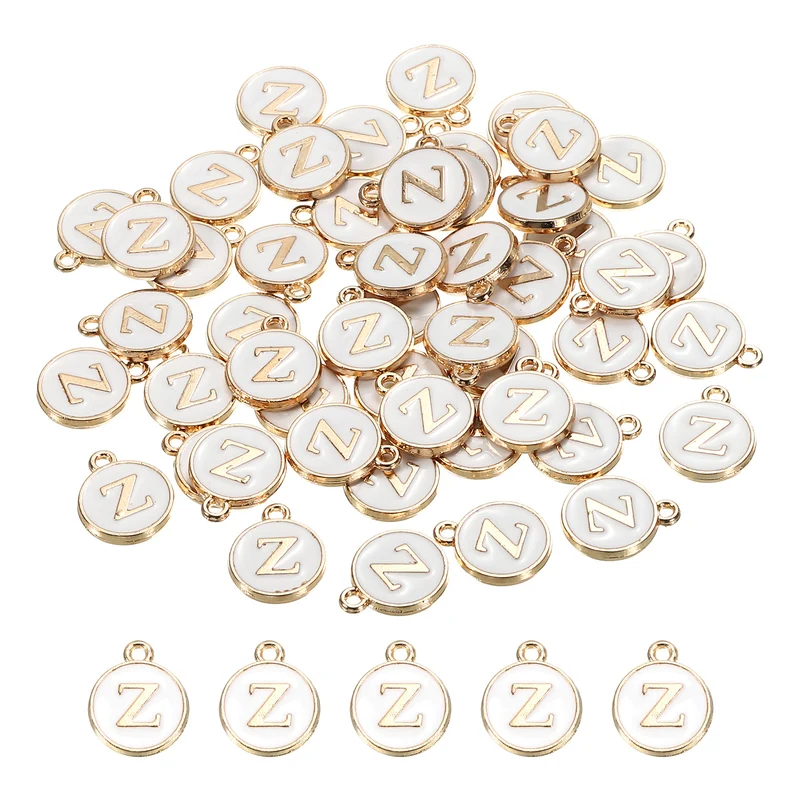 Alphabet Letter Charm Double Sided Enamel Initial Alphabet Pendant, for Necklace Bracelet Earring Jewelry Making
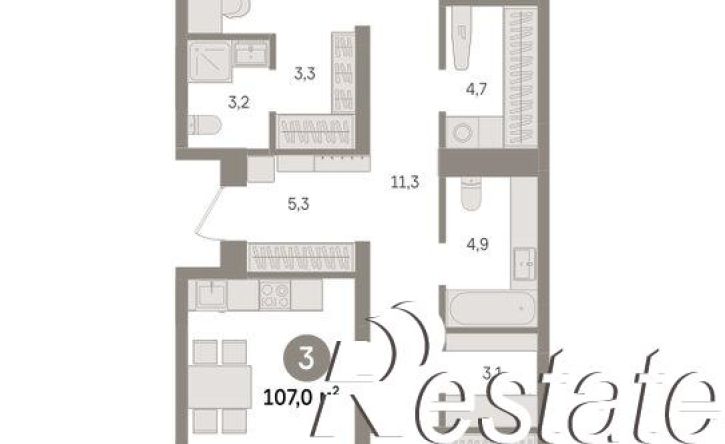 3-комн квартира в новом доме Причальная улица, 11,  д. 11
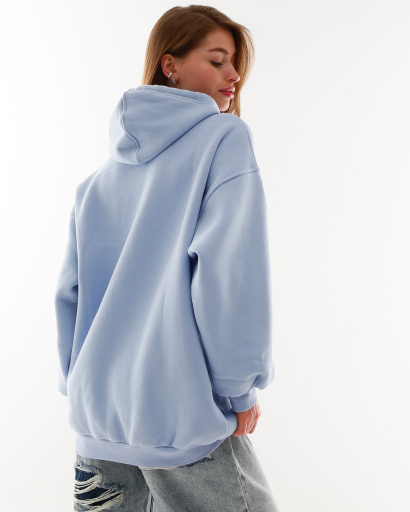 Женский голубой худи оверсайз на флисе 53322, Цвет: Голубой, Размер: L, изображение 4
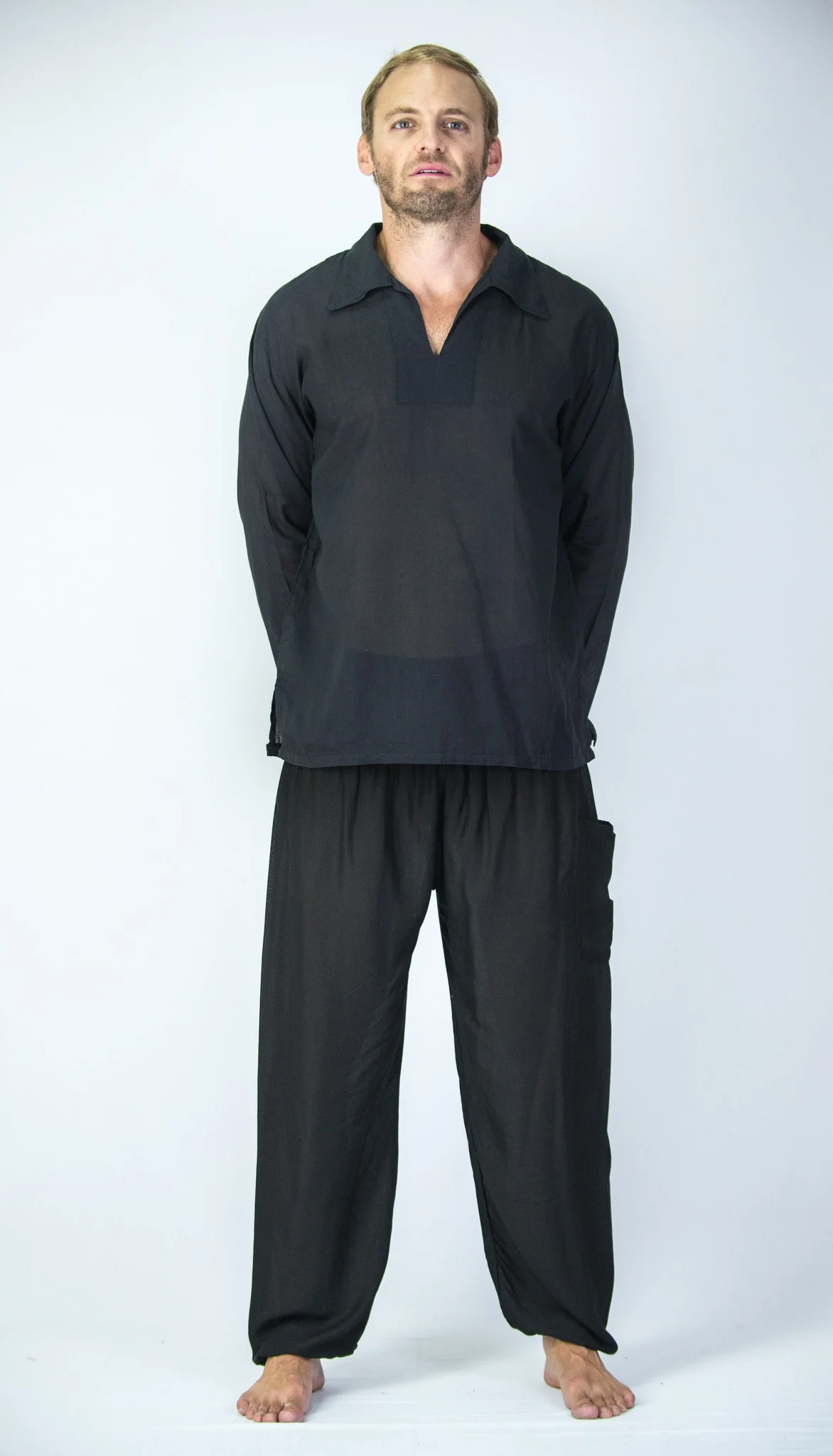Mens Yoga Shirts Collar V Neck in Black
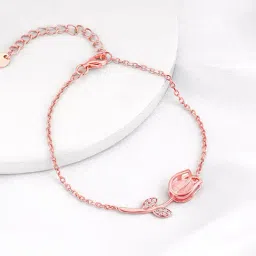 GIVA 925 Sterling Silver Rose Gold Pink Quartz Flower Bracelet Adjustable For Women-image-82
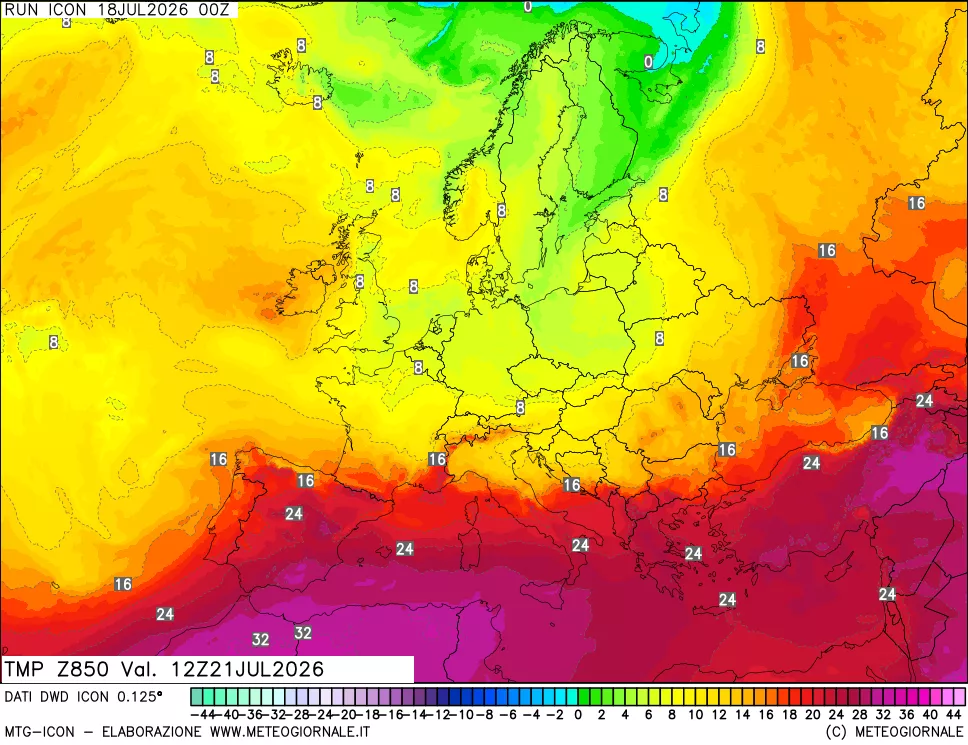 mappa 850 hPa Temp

--------

Transcribe, without alteration, each line from the one with "Женский голубой худи" through the last line of the data; no pictures belong in the copy.

**Task solution:**
 Женский голубой худи оверсайз на флисе 53322, Цвет: Голубой, Размер: L, изображение 4
Mens Yoga Shirts Collar V Neck in Black
 GIVA 925 Sterling Silver Rose Gold Pink Quartz Flower Bracelet Adjustable For Women-image-82
 mappa 850 hPa Temp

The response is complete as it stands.